Here’s a book that bothers me (click on the link, okay my pets?). At first glance, it seems to be inclusive and embracing, I suppose because the people pictured are African American, but it actually robs the history right out from us. Cake is shown and butterflies come around (you’d need a copy in hand to see all of the pages). While some verses of the song cannot be attributed to slaves, some of them tell us what undoubtedly the slaves were not allowed to say in plain English, the code hidden in the words that tell it like it was. This is one way slaves communicated right under the noses of Whitey—through imagery and innuendo. Music was a survival tool and helped to convey information that helped people travel north to Canada (often coded as Canaan in spirituals) via the network of the Underground Railroad. To be able to sing one’s pain (which was more often couched in the stories of struggle from the Old Testament*) in a non-religious text was even more complex, as we can hear in the original lyrics to All the Pretty Little Horses. I cannot abide by the happy pictures in the book. The melody gives it away—it is a mournful song, of grief and sorrow—and the happy characters do not tell the story that the song is trying to tell us.

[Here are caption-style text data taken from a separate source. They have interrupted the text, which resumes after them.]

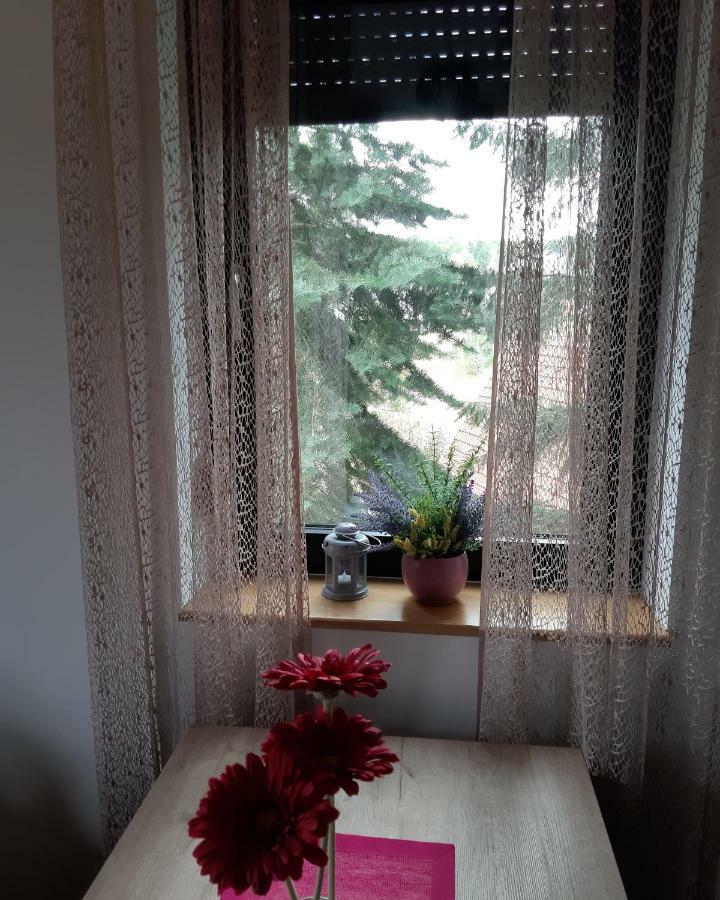 Apartman Nana Svetogorska 19 ,Stan 17 Zlatibor Ngoại thất bức ảnh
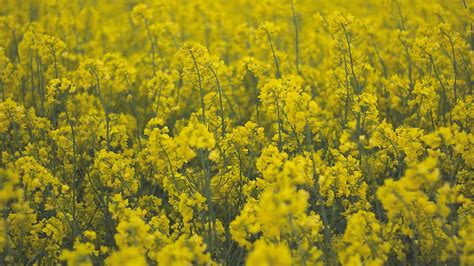 Yellow Rapeseed Flowers Field Flowers Hd Wallpaper Peakpx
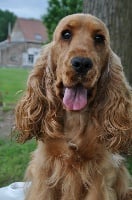 Étalon Cocker Spaniel Anglais - Georgia du Bois d'Achelles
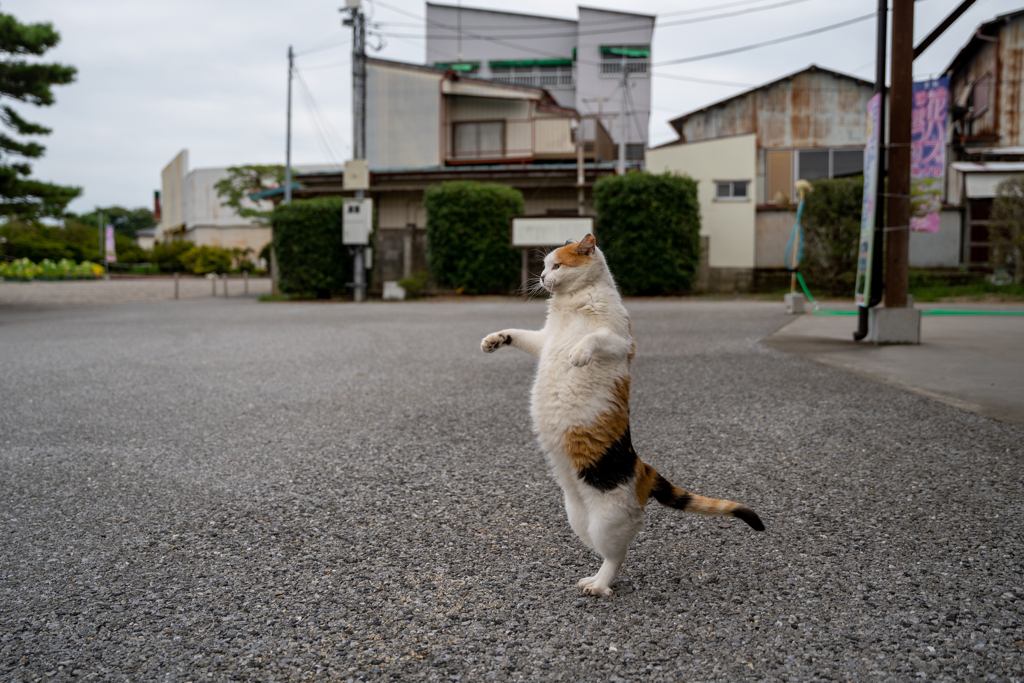 明日からダイエット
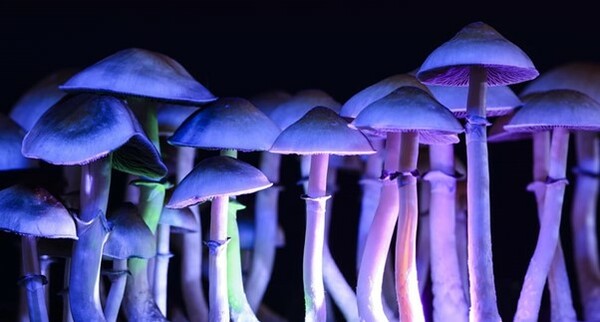 Psilocybin: Could magic mushrooms treat depression and anorexia?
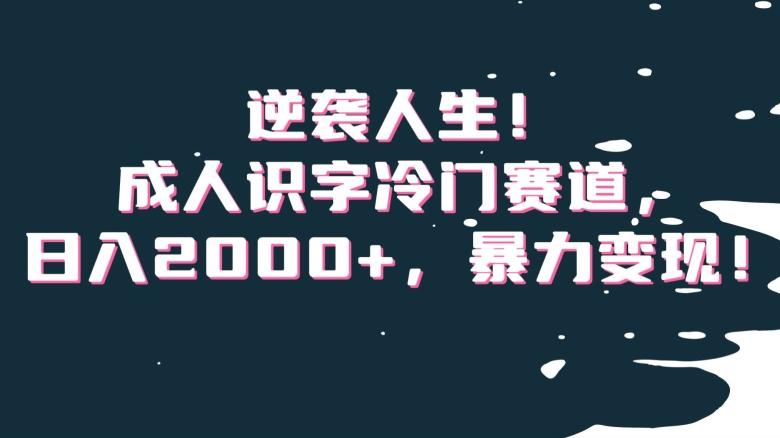 逆袭人生！成人识字冷门赛道，日入2000+，暴力变现！【揭秘】-翻身站
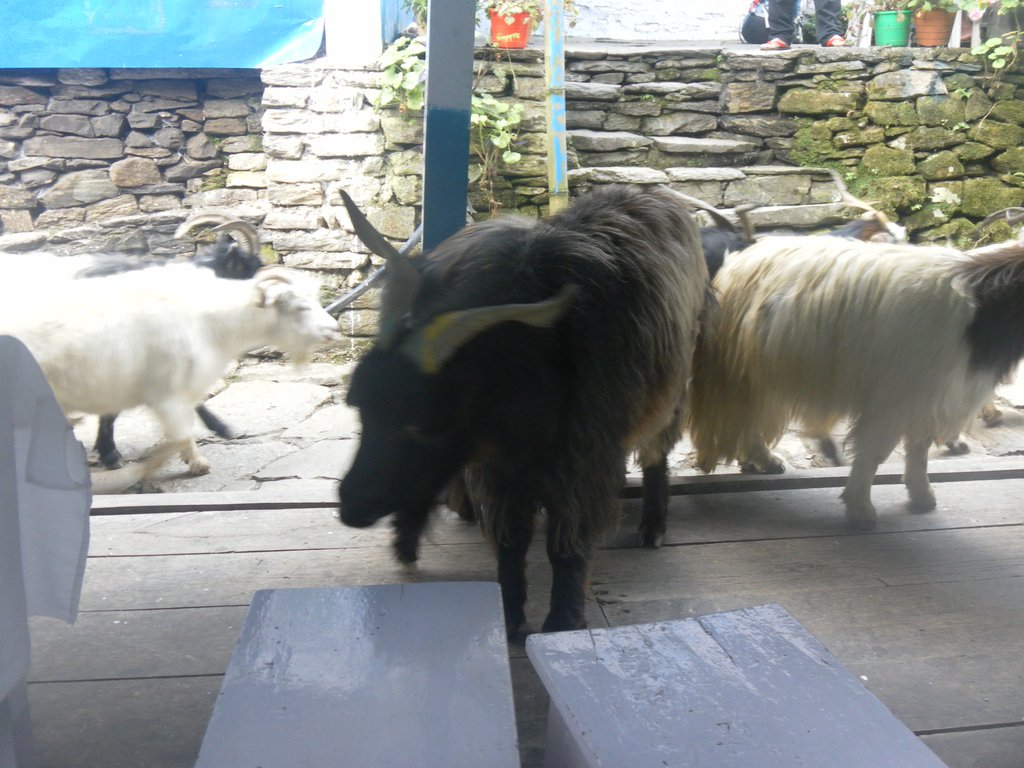 Image SAM_4369.JPG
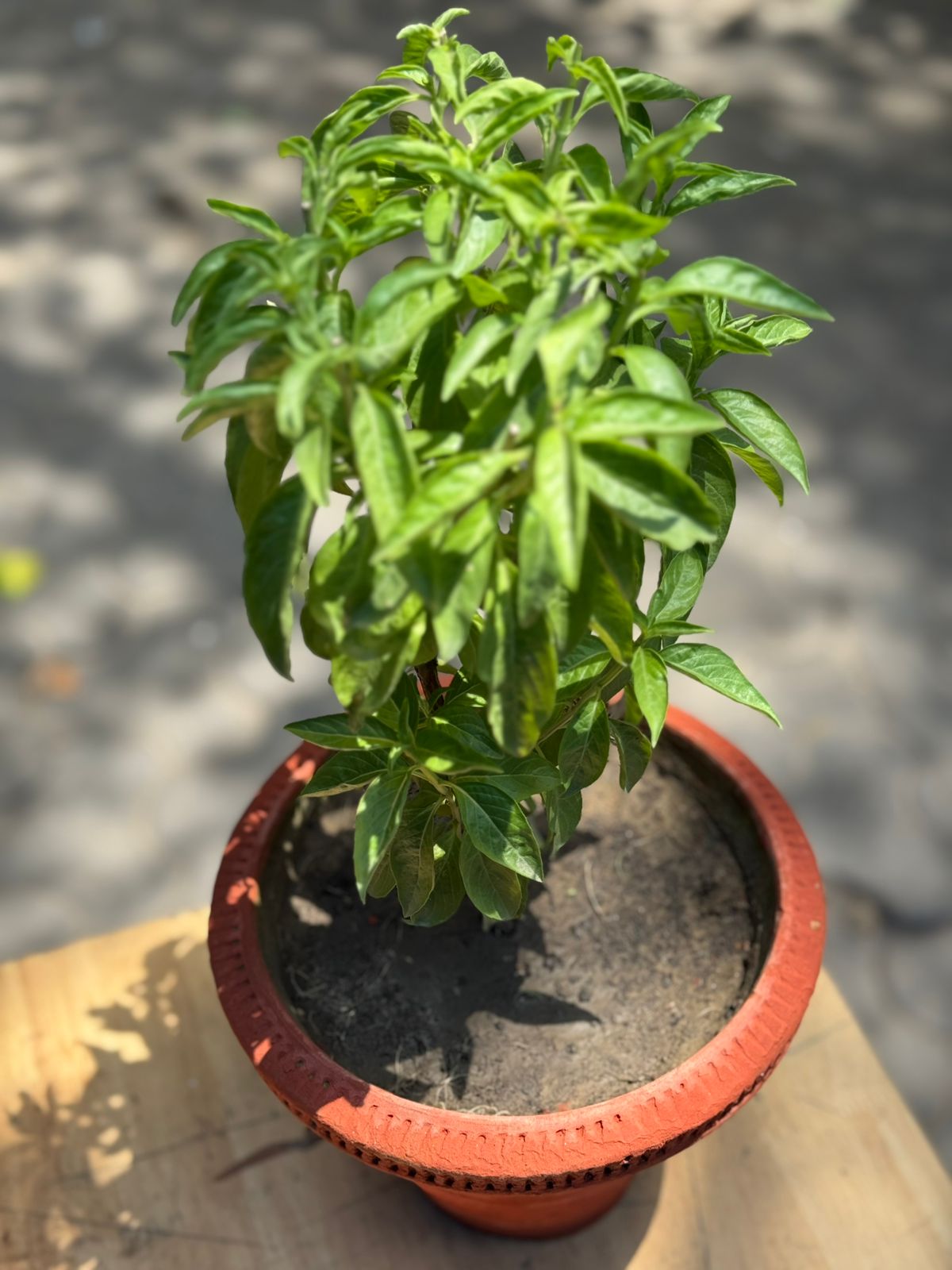 Italian Basil Pot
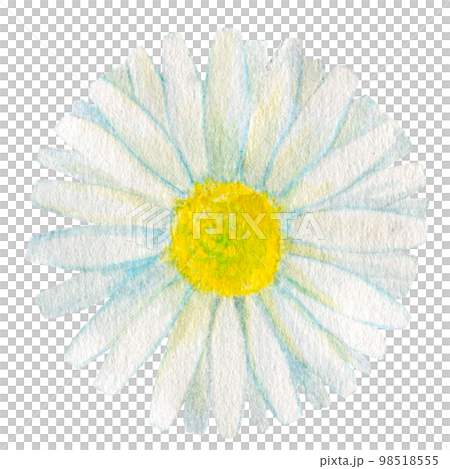 植物の水彩イラスト　白いガーベラ 98518555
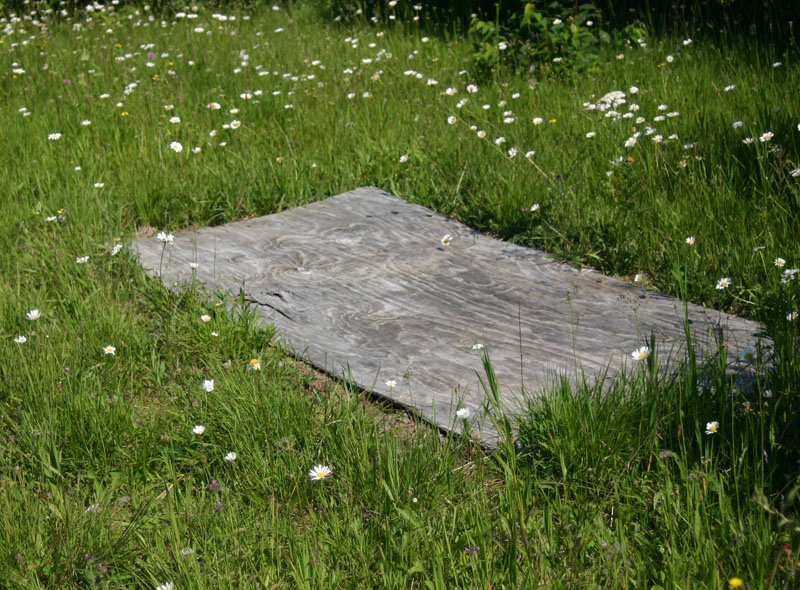 Cover Boards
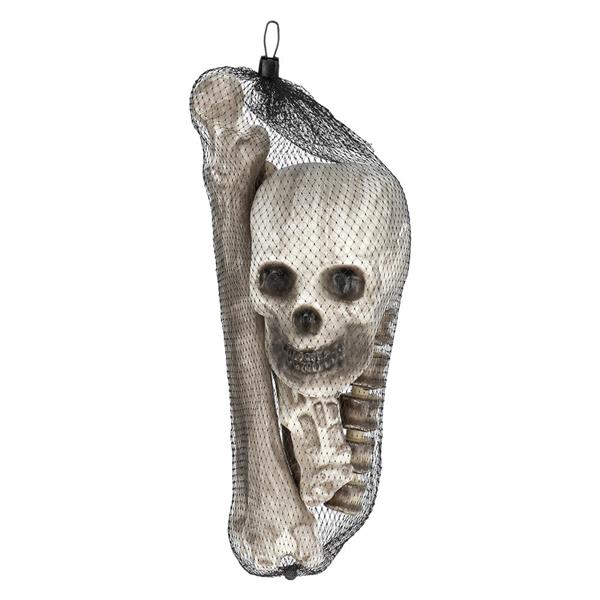 Grote foto halloween skelet 6st verzamelen overige verzamelingen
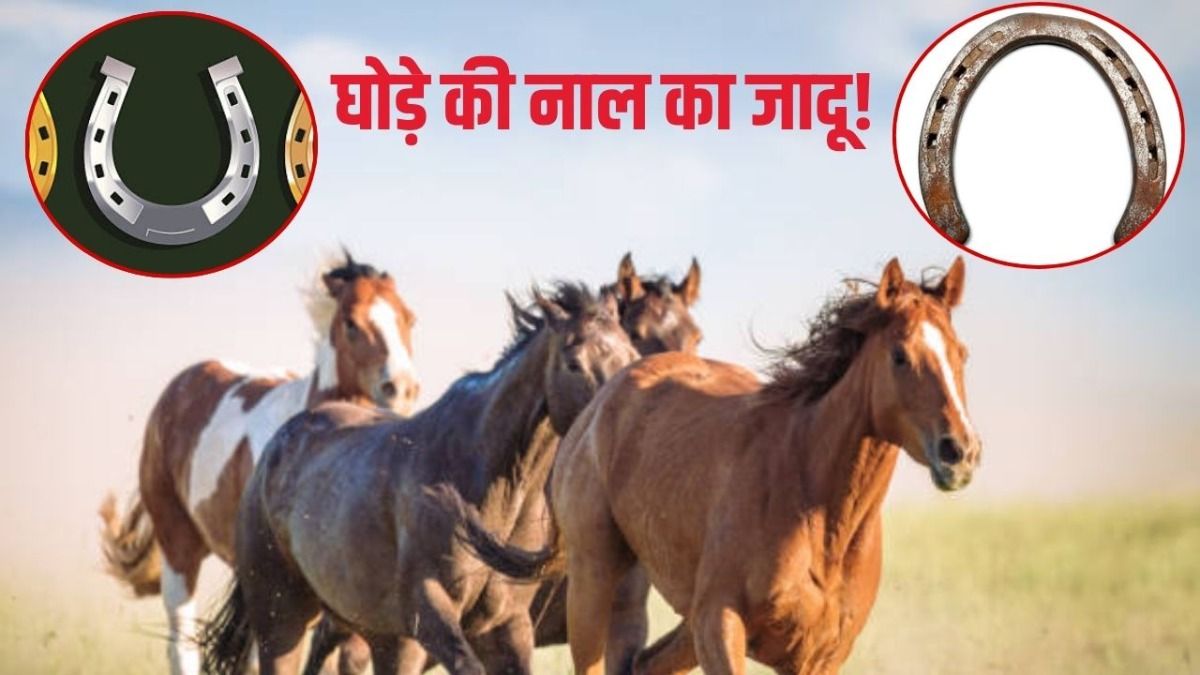 Ghode Ki Naal Ke Upay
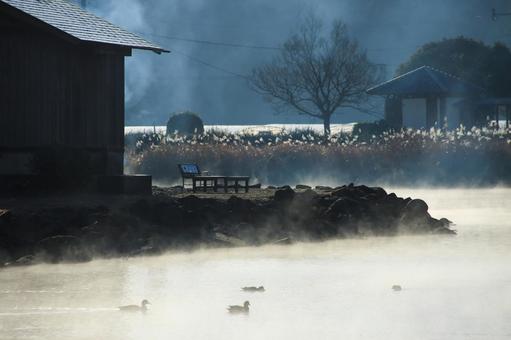熊本県嘉島町 浮島池 熊本県嘉島町 浮島池 浮島池,浮島,池の写真素材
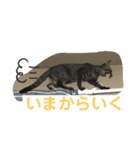 ハクメロ2+（個別スタンプ：14）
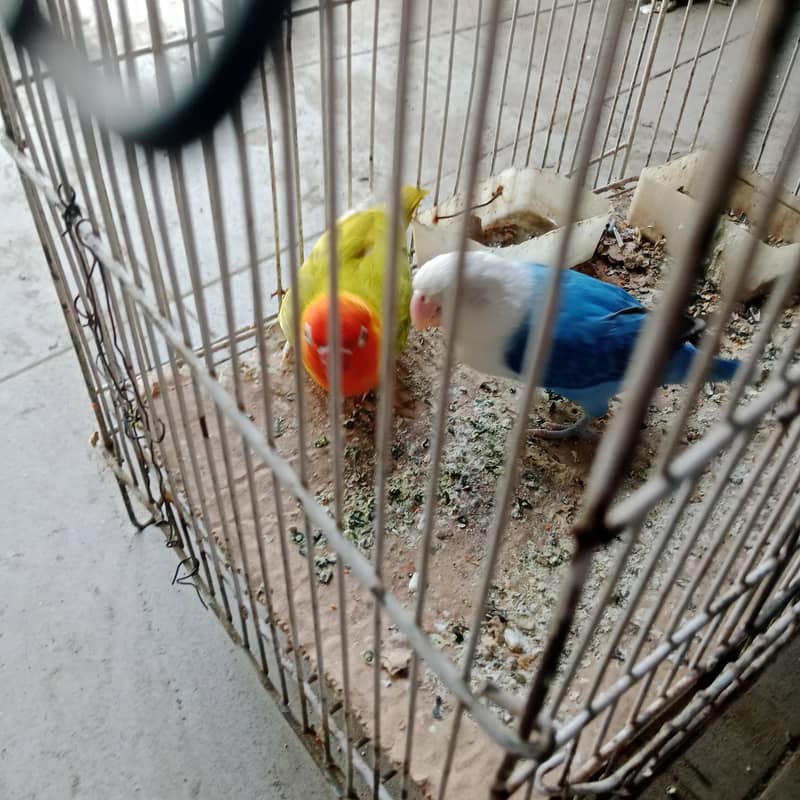 parrots 0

Read the afterward to the reconfigured lyric in Sylvia Long’s book of Hush Little Baby. The zeitgeist of political correctness was swallowed hook, line, and sinker by this author. While I find the new lyrics sweet and the illustrations quite pretty, to fear that our children learn EVERYTHING THEY NEED TO KNOW FROM ONE LULLABY’S LYRICS displays an immense hubris. To forget and sweep under the rug the richness of our folksong heritage is a crime. It is revisionist and points to our lack of ability to trust our parenting to have mettle and our children to have backbones.
As songs traveled and shifted across the ocean and up and down our country, words changed places within songs, jumped to other songs, were added and left behind. This is WHY they are folk songs—they belong to the people. The words may have been written down at times, but more likely not. To publish a book with revised lyrics is an entirely different matter. It is no longer a folk song. In this instance, it is the author’s whim. I wouldn’t mind so much if the original lyric was presented somewhere in the book, but her ENTIRE point is that the original lyric is–gasp–DANGEROUS to children.
Next two flicks on the docket for Family Movie Night? Rushmore and Down by Law and we all know about the songs in those.
Another one I used to sing to my babies. Let’s not shy away from death either. God bless Elizabeth Cotton.
*Wade in the Water is not just the story of struggle that harkens to the Jews in the Bible, but also contains the very symbolic language to which I also refer in this post. For instance, the colors that the “children” wear may have been worn by people helping the slaves cross north at different stops along the way. But you already knew that, right?